> _About this task_: Reproduce the entries from their first line up to and including the line with "Thumbnail 5 de". Leave out everything after it.

> _Data records_:
----

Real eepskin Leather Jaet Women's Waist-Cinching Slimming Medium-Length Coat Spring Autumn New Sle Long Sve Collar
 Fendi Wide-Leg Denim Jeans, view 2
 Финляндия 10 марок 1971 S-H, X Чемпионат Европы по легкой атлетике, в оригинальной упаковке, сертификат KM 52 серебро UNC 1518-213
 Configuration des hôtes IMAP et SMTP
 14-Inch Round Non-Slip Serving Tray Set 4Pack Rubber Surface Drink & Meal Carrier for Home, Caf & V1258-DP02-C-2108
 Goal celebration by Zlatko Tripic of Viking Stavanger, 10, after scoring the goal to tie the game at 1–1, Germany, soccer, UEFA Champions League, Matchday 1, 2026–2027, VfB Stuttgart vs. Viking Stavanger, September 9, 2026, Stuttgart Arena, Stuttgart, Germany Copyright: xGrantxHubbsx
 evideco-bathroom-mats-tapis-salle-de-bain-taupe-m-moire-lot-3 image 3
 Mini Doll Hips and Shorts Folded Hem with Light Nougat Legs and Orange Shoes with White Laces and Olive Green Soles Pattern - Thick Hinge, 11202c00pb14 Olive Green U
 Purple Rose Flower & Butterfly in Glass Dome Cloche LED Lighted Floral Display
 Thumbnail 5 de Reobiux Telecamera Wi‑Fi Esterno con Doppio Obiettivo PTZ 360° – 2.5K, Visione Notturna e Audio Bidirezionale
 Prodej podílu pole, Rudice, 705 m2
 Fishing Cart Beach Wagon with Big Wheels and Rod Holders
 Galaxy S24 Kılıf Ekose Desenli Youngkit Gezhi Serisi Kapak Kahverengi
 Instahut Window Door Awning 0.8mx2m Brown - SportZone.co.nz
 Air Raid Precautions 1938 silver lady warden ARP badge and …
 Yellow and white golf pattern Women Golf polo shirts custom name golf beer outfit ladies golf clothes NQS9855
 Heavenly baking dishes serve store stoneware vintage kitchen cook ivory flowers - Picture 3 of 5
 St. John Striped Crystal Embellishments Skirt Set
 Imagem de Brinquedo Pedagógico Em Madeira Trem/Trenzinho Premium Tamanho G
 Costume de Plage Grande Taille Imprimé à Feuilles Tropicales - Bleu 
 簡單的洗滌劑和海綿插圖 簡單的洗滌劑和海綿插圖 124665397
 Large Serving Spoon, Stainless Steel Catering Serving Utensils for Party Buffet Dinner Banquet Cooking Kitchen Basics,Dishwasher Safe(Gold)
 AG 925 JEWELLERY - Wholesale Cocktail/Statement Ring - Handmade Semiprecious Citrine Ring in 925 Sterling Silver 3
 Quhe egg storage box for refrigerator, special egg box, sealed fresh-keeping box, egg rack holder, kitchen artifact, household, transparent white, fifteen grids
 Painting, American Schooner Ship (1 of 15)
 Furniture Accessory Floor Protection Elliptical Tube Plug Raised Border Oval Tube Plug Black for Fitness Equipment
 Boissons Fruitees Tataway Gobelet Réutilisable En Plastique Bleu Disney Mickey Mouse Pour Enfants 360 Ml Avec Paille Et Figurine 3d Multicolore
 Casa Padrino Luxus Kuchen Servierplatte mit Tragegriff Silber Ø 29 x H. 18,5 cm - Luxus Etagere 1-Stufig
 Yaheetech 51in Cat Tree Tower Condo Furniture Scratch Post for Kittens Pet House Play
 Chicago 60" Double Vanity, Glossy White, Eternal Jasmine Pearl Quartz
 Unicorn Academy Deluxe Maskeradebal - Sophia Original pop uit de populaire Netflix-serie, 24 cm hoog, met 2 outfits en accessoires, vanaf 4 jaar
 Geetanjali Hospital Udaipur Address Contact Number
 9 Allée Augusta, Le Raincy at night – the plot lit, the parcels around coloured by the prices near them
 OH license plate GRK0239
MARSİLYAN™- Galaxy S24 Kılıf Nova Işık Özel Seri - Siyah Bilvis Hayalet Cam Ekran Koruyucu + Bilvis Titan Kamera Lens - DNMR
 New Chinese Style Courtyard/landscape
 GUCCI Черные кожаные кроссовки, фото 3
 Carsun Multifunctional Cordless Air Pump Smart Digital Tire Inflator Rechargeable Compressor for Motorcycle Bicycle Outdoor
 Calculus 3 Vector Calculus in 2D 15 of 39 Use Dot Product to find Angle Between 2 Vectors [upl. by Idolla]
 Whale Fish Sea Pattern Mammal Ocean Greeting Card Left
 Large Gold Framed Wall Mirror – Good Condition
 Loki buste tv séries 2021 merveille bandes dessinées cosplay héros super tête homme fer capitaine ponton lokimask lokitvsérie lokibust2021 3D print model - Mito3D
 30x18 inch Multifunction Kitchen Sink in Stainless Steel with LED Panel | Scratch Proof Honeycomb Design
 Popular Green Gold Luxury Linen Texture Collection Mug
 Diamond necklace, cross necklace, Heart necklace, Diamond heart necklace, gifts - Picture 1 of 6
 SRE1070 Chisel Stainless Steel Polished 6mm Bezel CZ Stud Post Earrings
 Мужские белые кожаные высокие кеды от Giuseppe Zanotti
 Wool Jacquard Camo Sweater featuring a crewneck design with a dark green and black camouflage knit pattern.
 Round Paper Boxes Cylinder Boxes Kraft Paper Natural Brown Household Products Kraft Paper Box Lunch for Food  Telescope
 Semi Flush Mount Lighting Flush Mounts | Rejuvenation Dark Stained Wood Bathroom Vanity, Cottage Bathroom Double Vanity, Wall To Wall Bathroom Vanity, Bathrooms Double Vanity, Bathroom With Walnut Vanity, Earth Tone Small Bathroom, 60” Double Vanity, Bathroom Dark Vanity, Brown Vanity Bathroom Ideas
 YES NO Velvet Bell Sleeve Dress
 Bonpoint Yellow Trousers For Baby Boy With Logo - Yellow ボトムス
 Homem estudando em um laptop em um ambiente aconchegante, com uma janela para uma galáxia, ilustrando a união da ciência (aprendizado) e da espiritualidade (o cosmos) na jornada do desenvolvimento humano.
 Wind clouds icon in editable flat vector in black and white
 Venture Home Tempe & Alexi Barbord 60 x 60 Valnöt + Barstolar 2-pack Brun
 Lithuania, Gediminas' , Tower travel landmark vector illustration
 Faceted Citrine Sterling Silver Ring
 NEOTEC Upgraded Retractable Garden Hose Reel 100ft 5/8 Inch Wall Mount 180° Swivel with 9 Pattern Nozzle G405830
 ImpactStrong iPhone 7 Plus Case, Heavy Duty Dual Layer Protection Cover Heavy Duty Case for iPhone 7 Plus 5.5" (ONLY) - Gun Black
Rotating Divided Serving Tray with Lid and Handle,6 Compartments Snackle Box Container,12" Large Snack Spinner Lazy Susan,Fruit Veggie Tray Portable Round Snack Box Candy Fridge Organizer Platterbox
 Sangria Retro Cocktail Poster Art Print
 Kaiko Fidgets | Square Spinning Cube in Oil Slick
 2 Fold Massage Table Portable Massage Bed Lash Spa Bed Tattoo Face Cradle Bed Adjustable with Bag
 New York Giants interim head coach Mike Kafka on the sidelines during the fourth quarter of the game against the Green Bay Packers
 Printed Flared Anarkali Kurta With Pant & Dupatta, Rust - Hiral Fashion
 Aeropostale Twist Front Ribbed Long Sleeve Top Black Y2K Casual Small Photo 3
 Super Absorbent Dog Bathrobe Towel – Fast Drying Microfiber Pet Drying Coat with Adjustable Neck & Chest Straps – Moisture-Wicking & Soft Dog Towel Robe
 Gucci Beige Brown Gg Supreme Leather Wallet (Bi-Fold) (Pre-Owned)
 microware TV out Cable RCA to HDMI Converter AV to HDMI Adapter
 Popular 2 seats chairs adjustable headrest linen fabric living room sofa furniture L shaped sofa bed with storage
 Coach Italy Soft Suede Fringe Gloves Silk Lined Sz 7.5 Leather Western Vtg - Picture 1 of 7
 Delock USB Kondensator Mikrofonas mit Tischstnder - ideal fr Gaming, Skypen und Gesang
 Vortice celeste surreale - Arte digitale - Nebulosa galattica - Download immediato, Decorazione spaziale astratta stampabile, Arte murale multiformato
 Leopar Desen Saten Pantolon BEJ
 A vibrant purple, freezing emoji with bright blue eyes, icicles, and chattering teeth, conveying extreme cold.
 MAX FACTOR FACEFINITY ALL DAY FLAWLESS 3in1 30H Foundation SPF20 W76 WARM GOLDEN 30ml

----

> _Solution to this task_:
Real eepskin Leather Jaet Women's Waist-Cinching Slimming Medium-Length Coat Spring Autumn New Sle Long Sve Collar
 Fendi Wide-Leg Denim Jeans, view 2
 Финляндия 10 марок 1971 S-H, X Чемпионат Европы по легкой атлетике, в оригинальной упаковке, сертификат KM 52 серебро UNC 1518-213
 Configuration des hôtes IMAP et SMTP
 14-Inch Round Non-Slip Serving Tray Set 4Pack Rubber Surface Drink & Meal Carrier for Home, Caf & V1258-DP02-C-2108
 Goal celebration by Zlatko Tripic of Viking Stavanger, 10, after scoring the goal to tie the game at 1–1, Germany, soccer, UEFA Champions League, Matchday 1, 2026–2027, VfB Stuttgart vs. Viking Stavanger, September 9, 2026, Stuttgart Arena, Stuttgart, Germany Copyright: xGrantxHubbsx
 evideco-bathroom-mats-tapis-salle-de-bain-taupe-m-moire-lot-3 image 3
 Mini Doll Hips and Shorts Folded Hem with Light Nougat Legs and Orange Shoes with White Laces and Olive Green Soles Pattern - Thick Hinge, 11202c00pb14 Olive Green U
 Purple Rose Flower & Butterfly in Glass Dome Cloche LED Lighted Floral Display
 Thumbnail 5 de Reobiux Telecamera Wi‑Fi Esterno con Doppio Obiettivo PTZ 360° – 2.5K, Visione Notturna e Audio Bidirezionale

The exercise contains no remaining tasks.